* [Activity] Only the lines below starting at the one containing "Young Woman Holding" and ending at the one containing "Haooryx Chinese New" belong in the answer, each copied exactly.

* [Extracted entries]

###

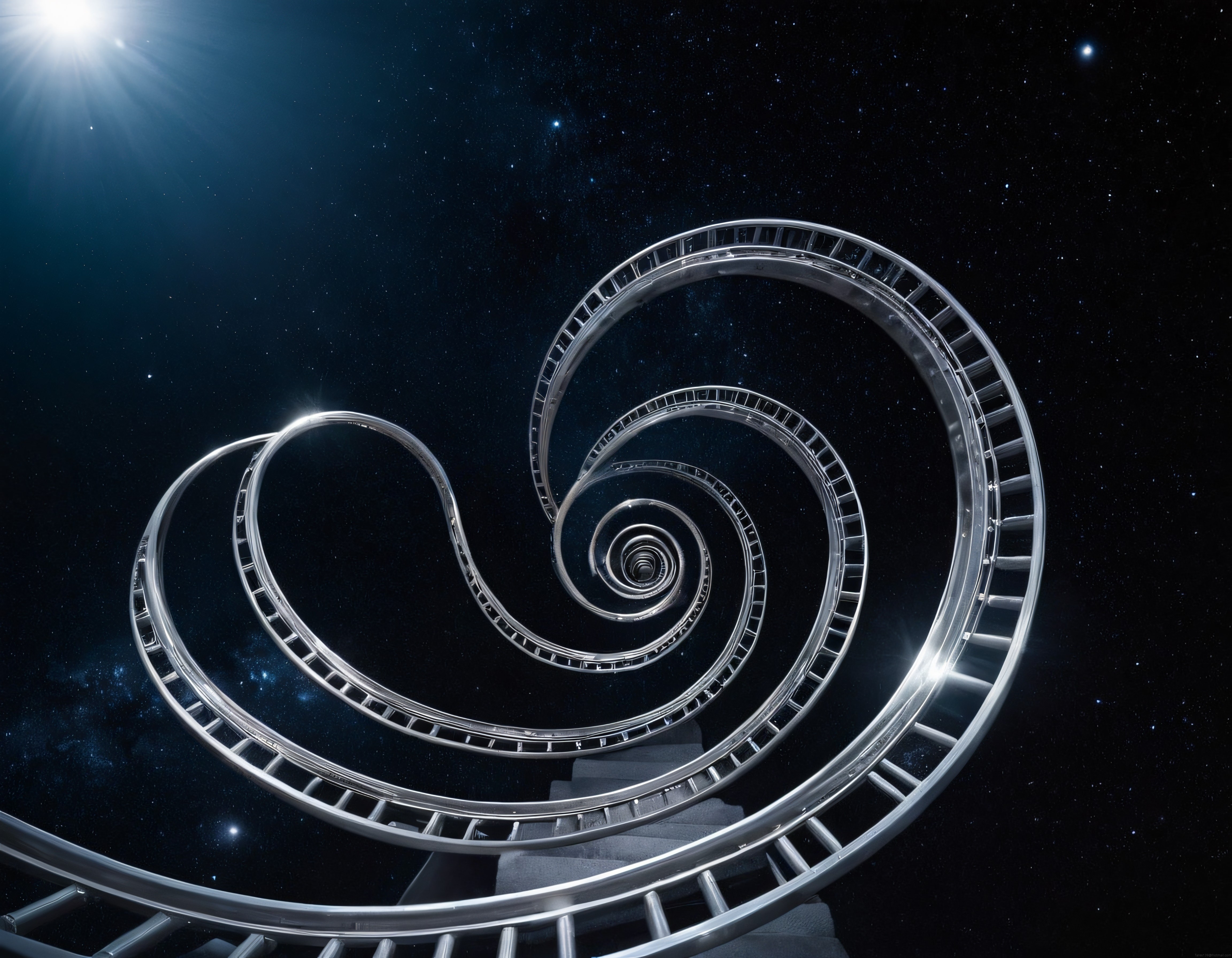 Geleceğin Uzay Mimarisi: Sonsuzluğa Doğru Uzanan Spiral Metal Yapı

###

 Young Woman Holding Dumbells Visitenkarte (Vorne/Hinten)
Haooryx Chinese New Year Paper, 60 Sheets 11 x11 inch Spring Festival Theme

###

* [Task result]
 Young Woman Holding Dumbells Visitenkarte (Vorne/Hinten)
Haooryx Chinese New Year Paper, 60 Sheets 11 x11 inch Spring Festival Theme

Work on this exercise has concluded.